Work request:
Leave out the pictures and retype, exactly, the lines below from the line with "Kitchen with breakfast" up to and including the line with "La última prenda", nothing more.

[Material supplied — start]

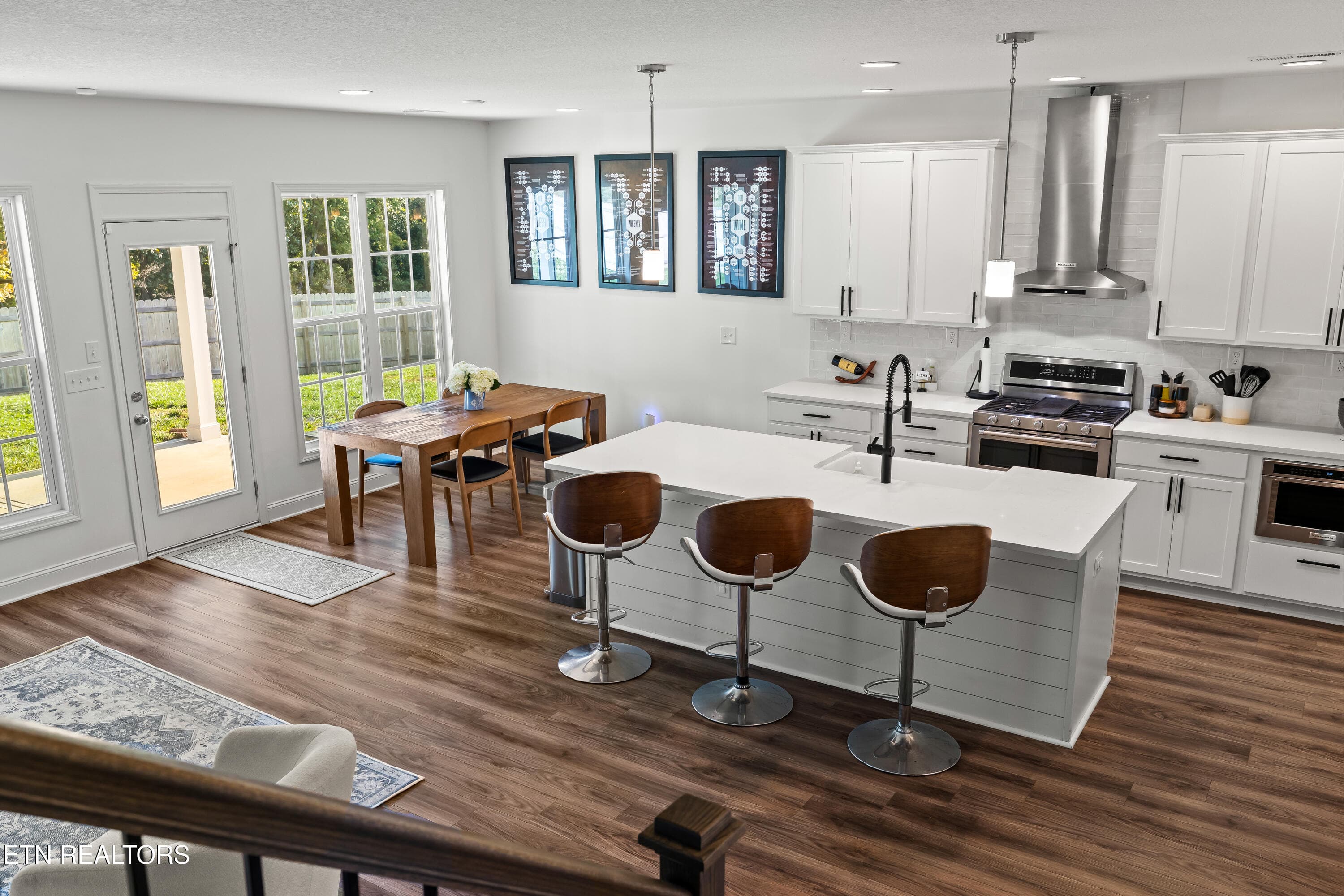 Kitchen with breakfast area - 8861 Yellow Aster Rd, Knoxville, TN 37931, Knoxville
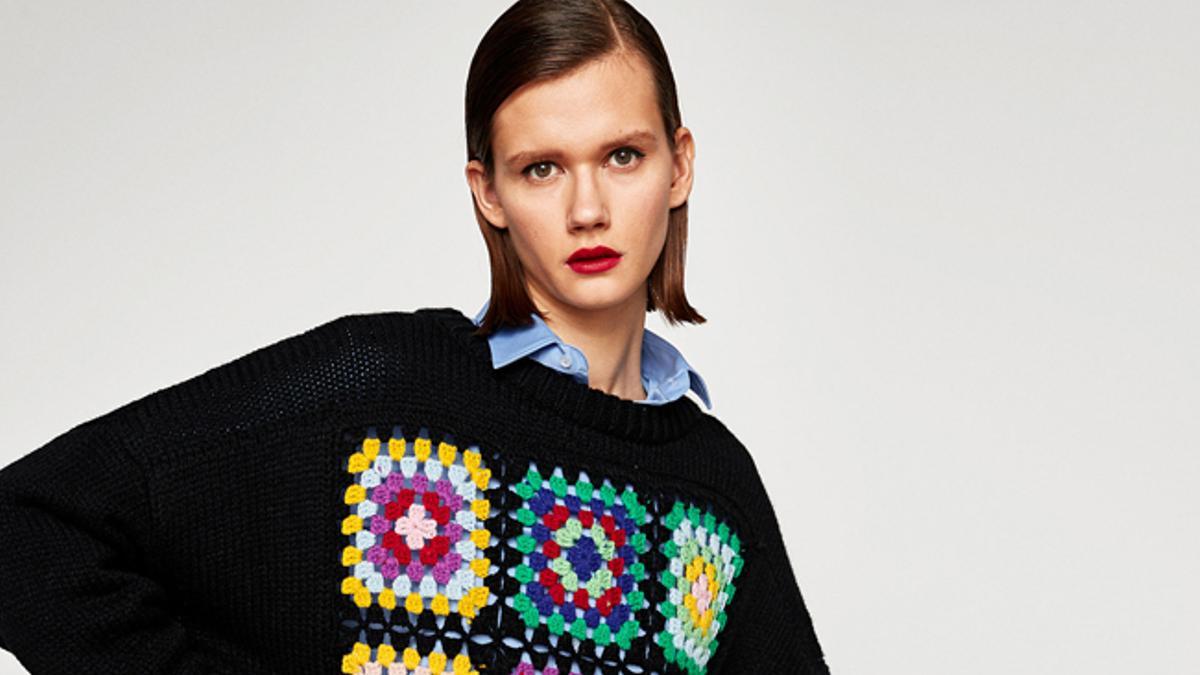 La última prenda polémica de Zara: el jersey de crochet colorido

[Material supplied — finish]
[Material supplied — start]

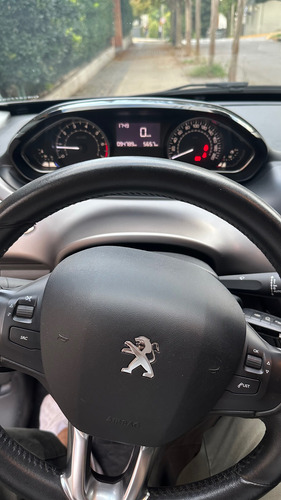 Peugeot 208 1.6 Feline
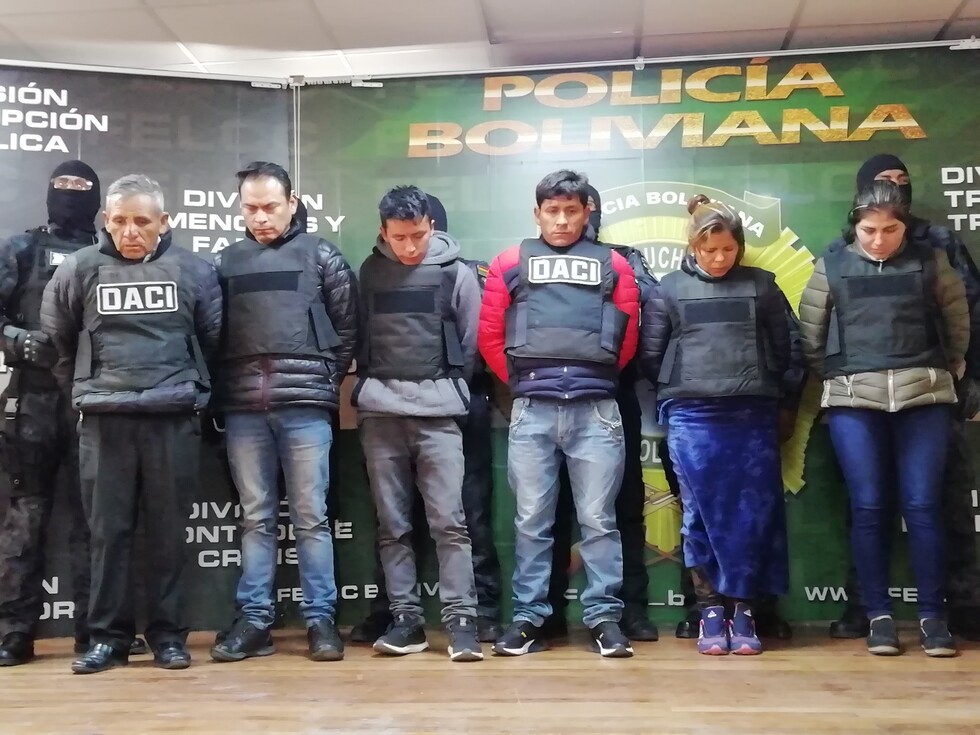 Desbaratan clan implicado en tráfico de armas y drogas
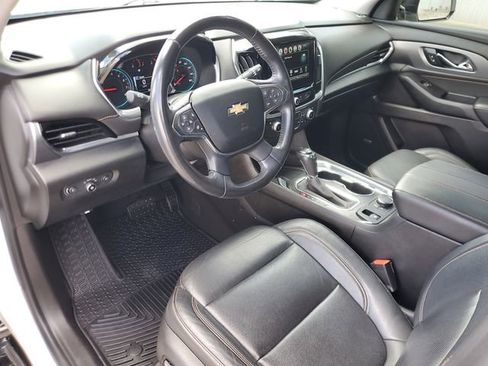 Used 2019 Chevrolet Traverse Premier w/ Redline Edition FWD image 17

[Material supplied — finish]

Expected answer:
 Kitchen with breakfast area - 8861 Yellow Aster Rd, Knoxville, TN 37931, Knoxville
 La última prenda polémica de Zara: el jersey de crochet colorido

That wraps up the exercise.